名優・香川照之さんが演じる「プライドを捨てられずに行き詰っていく男」を観ていると、僕はなんだか絶望的な気分になってしまいました。僕自身も、しょっちゅう「なんだったら、こんな職場いつでも辞めてやる!」みたいなことを考えて溜飲を下げる日々なのですが、そういうことを想像することすら怖くなるような暗黒の未来予想図。旧友・黒須(津田寛治)さんとその家族の描写がまた、せつないというかえげつないというか……
小泉今日子さんも、あらためて「女優」になってしまったなあ、と感慨深かったです。
ただ、役所広司さんが出てくるシーンは、僕には不要というか蛇足に感じられました。役所さんは素晴らしい俳優なんだけど、「何をやっても役所広司」になってしまうところがあって、この作品の世界から、「役所映画の世界」に迷い込んでしまったような気分になったので。
「船頭多くして、船、丘に上る」とは、こういうことなのかな、と。

いかにも「いわゆる『映画通』の人たちが絶賛しそうな映画」ではあり、実際にそうなのですが、僕は正直、この映画の「あまりにもうまくできすぎている感じ」がちょっと苦手です。最近の夫婦・家族モノとしては、『ぐるりのこと』の「荒削りな感じ」のほうが好き。こういう「わかりあえない家族モノ」のなかでは白眉だと思いつつも、「こういう小説や映画はもう飽きてきた」のも事実なのです。

でも、僕がこの映画の素晴らしさを頭では理解しながらも感情的に受け入れにくいのは、僕も同じような生活をしてきて、たいした才能もないのに「家族の期待」を背負わされた(と思い込んでいた)からかもしれません。

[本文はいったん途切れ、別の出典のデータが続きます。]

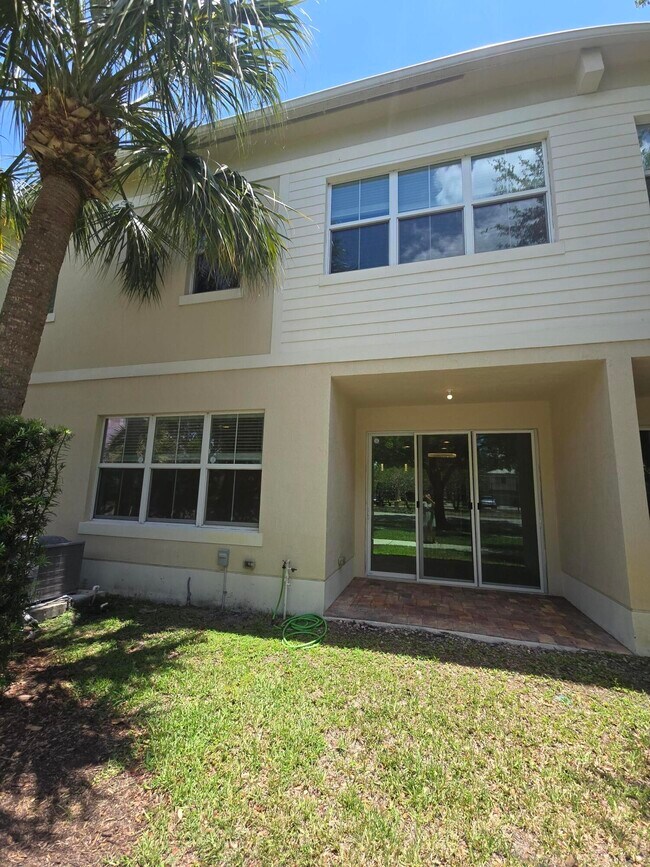 Foto del edificio - 91 Palm Ln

僕がこの映画でいちばん心に残ったのは、小泉さんが演じているお母さんが、「ドーナツ作ったんだけど、食べない?」と家族に声をかけるのだけど、家族みんなに「いらない」と言われてしまうシーンでした。
僕もああいうときに「いらない!」って、「とくに理由もない反抗心」で、親からのコミュニケーションの糸を断ち切る子どもだったから、なんだかとてもお母さんとドーナツに申し訳なくて。
ようやく、「せっかく作ったドーナツを食べてもらえないお母さんの悲しみ」がわかるようになったときには、もう、母親はいない。

僕の両親は「幸せ」だったのだろうか?
そして僕は「幸せ」になれるのだろうか?
そもそも、「家族」というのは、人間を幸せにできるシステムなのだろうか?

でもね、結局のところ、「なんとかやっていくしかない」のだよね。
とりあえず、勢いにまかせて辞表を叩きつけるのは止めようと思います。
「平凡な家庭生活」に飽きている人や「こんな仕事はもう辞めてやる!」と苛立っている勤め人の皆様は、ぜひ一度観てください。